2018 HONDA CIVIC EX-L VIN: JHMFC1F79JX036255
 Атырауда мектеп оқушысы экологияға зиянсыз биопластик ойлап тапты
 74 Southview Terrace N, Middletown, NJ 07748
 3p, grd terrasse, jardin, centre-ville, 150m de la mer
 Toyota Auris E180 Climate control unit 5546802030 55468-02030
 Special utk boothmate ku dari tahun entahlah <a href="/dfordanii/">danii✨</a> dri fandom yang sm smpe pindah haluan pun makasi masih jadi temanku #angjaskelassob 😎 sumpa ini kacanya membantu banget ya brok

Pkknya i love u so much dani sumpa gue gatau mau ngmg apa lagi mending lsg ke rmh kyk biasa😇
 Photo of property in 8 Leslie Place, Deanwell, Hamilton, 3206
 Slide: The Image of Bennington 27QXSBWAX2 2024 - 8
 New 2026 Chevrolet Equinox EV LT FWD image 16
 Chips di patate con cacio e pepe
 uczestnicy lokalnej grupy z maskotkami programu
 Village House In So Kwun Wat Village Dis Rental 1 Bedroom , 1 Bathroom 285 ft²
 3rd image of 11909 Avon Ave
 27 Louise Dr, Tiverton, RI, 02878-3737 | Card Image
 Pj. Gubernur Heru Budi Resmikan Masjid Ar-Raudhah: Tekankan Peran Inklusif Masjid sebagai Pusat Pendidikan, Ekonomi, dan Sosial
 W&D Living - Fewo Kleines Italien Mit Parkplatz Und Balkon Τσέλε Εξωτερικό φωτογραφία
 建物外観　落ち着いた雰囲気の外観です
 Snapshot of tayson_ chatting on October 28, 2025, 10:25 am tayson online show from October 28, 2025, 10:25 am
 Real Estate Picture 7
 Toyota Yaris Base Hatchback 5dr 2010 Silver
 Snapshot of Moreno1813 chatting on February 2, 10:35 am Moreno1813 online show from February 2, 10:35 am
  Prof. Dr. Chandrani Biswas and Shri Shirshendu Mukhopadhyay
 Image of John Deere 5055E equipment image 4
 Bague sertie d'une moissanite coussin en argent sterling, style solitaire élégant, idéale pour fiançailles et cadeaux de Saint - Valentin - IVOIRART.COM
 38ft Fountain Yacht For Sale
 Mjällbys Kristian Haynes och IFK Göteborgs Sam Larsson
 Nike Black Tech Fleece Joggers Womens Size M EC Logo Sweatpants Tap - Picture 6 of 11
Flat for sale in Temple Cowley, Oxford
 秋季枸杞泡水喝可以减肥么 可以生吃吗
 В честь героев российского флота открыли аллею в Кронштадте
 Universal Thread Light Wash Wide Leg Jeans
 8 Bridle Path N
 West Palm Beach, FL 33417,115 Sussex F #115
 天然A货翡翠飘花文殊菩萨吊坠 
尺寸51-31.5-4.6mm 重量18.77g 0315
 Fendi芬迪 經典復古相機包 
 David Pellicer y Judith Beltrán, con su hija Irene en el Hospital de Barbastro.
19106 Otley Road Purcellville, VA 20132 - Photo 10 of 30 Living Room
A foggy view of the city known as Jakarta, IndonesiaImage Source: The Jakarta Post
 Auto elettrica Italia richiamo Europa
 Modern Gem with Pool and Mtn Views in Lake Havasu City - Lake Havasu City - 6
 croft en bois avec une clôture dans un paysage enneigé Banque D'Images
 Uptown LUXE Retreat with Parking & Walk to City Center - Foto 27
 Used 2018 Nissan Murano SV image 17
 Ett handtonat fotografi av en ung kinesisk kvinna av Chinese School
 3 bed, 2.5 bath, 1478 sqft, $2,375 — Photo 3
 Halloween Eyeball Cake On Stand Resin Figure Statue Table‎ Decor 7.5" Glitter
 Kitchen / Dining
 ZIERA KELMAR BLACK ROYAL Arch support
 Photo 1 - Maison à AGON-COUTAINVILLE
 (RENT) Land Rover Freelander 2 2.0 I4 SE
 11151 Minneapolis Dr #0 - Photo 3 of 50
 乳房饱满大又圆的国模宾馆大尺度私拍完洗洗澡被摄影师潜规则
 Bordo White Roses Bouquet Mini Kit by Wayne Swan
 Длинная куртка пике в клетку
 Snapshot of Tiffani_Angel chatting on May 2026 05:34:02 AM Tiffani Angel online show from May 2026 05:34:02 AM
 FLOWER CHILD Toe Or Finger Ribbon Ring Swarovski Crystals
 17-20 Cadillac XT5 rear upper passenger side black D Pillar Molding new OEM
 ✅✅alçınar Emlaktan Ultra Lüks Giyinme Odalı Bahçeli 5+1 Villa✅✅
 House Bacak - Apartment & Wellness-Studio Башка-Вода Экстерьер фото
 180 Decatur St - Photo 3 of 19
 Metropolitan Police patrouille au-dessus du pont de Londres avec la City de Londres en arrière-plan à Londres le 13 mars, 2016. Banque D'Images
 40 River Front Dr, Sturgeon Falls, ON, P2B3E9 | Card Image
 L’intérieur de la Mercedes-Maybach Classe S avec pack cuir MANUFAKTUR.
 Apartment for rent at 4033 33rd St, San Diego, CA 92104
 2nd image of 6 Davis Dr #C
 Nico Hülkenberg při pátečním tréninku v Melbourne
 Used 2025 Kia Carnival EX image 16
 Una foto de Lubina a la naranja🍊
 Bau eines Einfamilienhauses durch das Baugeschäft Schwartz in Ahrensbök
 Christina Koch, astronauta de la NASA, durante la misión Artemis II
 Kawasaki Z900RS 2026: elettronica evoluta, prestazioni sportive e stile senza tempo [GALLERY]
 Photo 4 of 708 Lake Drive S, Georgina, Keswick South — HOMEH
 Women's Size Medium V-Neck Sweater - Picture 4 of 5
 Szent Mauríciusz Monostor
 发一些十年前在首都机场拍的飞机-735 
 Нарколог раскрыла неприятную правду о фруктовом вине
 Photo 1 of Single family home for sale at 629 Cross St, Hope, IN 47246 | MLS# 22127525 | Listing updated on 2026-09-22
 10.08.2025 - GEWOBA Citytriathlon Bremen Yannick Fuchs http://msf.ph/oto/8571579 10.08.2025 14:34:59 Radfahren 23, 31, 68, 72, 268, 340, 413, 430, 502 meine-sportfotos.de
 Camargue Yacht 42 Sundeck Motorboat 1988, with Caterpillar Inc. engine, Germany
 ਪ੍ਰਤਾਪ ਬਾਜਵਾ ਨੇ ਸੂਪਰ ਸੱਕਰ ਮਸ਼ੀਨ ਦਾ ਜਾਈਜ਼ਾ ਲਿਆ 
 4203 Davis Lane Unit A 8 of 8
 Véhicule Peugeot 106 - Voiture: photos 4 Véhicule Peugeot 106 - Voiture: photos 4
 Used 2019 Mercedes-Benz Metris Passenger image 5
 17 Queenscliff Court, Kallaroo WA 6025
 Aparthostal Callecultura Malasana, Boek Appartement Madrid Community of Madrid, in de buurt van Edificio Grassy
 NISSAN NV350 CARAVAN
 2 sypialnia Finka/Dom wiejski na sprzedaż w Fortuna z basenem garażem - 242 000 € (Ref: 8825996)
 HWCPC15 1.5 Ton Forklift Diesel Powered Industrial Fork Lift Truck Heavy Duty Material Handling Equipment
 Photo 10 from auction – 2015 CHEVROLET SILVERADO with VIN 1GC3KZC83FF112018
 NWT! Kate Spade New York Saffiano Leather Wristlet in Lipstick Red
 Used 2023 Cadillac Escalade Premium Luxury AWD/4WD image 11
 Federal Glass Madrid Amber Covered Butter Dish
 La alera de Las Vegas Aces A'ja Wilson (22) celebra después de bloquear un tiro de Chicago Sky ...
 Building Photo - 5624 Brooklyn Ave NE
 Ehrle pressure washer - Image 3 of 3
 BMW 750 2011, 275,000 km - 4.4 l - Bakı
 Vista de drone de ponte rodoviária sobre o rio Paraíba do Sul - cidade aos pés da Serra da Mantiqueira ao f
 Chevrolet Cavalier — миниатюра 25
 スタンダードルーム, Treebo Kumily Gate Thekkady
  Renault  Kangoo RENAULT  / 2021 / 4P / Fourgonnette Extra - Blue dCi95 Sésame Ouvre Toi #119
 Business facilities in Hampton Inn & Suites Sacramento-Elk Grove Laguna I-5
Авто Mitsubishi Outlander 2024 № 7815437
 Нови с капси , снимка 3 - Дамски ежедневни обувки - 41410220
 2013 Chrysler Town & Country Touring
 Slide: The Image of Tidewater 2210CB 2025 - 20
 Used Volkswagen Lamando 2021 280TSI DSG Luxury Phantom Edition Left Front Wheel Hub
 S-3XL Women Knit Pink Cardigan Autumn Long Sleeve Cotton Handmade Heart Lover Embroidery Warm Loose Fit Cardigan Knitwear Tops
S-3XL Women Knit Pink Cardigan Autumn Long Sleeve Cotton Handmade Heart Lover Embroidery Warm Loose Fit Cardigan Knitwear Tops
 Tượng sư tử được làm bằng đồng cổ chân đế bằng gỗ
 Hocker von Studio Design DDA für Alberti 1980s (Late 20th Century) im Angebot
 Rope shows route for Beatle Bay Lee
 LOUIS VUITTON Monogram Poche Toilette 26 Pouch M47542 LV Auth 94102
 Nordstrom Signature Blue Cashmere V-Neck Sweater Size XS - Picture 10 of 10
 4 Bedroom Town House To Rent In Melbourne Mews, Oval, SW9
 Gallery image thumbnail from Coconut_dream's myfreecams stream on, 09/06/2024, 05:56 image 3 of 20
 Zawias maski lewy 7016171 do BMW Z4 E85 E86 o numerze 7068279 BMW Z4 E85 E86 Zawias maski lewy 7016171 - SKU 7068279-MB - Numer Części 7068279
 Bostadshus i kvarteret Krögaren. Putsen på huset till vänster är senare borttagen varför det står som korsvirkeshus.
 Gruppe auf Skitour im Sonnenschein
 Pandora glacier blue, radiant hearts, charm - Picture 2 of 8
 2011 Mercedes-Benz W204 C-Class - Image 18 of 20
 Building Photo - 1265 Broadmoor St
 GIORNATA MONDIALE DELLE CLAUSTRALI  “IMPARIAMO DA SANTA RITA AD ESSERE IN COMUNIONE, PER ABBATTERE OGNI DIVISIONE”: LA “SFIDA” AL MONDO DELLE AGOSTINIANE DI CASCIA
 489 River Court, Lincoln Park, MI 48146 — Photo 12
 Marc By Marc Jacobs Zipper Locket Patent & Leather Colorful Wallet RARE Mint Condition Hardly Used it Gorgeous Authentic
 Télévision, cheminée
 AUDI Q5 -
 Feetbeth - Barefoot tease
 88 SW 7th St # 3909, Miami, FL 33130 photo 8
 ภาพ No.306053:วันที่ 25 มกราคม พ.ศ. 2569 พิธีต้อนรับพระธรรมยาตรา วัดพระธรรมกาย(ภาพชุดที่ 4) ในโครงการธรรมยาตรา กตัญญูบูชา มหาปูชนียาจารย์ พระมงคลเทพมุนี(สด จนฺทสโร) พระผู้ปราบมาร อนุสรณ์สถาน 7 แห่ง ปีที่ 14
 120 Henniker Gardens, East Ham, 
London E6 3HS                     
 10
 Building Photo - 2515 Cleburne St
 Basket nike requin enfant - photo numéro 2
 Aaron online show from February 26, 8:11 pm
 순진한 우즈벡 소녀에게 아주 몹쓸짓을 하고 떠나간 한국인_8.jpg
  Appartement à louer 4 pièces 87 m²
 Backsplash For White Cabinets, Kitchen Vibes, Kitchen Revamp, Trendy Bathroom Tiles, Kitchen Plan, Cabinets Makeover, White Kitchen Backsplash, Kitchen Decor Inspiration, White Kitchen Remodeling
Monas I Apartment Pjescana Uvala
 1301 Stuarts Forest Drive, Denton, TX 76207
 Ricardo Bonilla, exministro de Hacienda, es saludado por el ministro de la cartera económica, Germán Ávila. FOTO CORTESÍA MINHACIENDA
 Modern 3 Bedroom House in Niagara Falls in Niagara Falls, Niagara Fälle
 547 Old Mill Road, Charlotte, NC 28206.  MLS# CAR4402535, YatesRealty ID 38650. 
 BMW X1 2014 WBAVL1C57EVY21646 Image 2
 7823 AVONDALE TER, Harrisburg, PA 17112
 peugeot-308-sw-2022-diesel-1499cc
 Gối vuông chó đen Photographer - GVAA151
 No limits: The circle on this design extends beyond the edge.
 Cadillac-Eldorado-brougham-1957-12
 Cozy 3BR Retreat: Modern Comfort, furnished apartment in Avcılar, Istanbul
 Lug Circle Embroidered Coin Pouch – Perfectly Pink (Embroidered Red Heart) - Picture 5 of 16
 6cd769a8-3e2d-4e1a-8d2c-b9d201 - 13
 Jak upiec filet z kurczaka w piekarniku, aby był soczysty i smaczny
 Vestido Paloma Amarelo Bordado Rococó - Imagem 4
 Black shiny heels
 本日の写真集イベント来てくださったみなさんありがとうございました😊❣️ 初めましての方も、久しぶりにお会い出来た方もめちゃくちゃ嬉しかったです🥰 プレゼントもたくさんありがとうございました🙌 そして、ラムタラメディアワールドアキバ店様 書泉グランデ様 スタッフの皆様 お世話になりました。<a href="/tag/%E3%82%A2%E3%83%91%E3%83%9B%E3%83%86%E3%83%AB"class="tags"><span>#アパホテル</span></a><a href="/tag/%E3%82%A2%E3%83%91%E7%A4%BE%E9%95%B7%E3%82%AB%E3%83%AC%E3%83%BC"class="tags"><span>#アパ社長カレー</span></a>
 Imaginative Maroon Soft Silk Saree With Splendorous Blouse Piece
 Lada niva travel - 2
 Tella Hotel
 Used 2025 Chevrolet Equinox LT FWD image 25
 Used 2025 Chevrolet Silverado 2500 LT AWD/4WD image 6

○ ○ ○ ○

What the task asks:
For this exercise, copy every line of the data that holds "Leather".

Solution for this task:
 NWT! Kate Spade New York Saffiano Leather Wristlet in Lipstick Red
 Marc By Marc Jacobs Zipper Locket Patent & Leather Colorful Wallet RARE Mint Condition Hardly Used it Gorgeous Authentic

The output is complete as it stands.